Il 24 settembre scorso, nell’ambito delle iniziative di sensibilizzazione sul problema dell’amianto, si è svolto a Monfalcone un incontro dal titolo “quando le strade della letteratura incrociano le strade della lotta”, con la partecipazione dello scrittore di polizieschi Loriano Macchiavelli e di Luciano Martinis, che ha parlato del golpe in Cile e della morte del presidente Salvador Allende, prendendo spunto da alcune affermazioni dell’esule cubano Daniel Alarcòn, il “comandante Benigno”.
Premettiamo che, mentre Macchiavelli ha fatto un interessante intervento (che magari riprenderemo in altra sede) sul tema della serata, Martinis è, secondo noi, andato del tutto fuori tema.

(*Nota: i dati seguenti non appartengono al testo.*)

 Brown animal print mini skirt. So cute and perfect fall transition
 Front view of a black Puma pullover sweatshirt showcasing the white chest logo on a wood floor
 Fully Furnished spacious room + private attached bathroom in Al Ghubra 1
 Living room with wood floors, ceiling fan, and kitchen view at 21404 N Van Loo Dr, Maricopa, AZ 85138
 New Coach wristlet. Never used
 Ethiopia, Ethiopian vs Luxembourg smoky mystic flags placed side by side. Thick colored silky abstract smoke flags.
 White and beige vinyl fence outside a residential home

Infatti il senso del suo racconto, sintetizzando, è stato il cercare di dimostrare una certa responsabilità del governo cubano (ed in prima persona di Fidel Castro) nel golpe cileno. Però non ha fatto delle accuse precise, ha usato l’antico sistema del “dico ma non dico e leggete tra le righe”, per cui non ha portato prove ma ha solo instillato sospetti negli ascoltatori, metodo questo che noi condanniamo fermamente perché non è accettabile che vengano lanciate accuse pesantissime senza produrre un briciolo di prova, con la scusa che comunque si parla solo di “sospetti”.

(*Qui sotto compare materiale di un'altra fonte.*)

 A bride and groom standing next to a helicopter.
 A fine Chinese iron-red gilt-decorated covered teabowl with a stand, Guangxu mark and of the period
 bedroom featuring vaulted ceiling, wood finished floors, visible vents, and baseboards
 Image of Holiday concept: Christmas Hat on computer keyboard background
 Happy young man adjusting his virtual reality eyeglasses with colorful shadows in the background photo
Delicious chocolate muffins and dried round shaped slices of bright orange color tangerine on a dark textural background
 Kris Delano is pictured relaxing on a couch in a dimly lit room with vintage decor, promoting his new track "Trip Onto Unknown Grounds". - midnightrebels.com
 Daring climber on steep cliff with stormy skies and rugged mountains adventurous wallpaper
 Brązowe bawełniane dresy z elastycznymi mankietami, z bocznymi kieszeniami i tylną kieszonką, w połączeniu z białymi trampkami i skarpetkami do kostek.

Martinis ha esordito spiegando di avere conosciuto il “comandante Benigno” tramite il giornalista francese Pierre Kalfon, autore di alcuni testi sull’America Latina e nello specifico sul Cile, che avrebbe a sua volta conosciuto proprio in Cile negli anni di Unidad Popular (1972-1973). Martinis si sarebbe recato a Santiago, all’epoca, per non fare il servizio militare in Italia, ed avrebbe trovato un posto di insegnante all’università. In tale modo era entrato a fare parte del mondo culturale cileno del periodo, però era rimasto sempre politicamente appartato; in tale modo aveva potuto, dopo il golpe, girare indisturbato. Martinis ci è sembrato non avere condiviso all’epoca le scelte di Allende e di Unidad Popular, che “non corrispondevano alle sue idee” ed anche successivamente, una volta andato via dal Cile non ha più “voluto saperne”. Specifichiamo questo perché la posizione di Martinis all’epoca è fondamentale per la valutazione dell’attendibilità di quanto ha sostenuto nel corso della serata. Abbiamo quindi di fronte a noi un “intellettuale” che non ha condiviso, se non come spettatore esterno, l’esperienza di Unidad Popular, per la quale comunque non sembra avere avuto particolare simpatia. Di conseguenza le sue teorie “complottistiche” derivano non tanto da cognizioni personali, quanto da cose che altri gli avrebbero detto (Kalfon ed il “comandante Benigno”.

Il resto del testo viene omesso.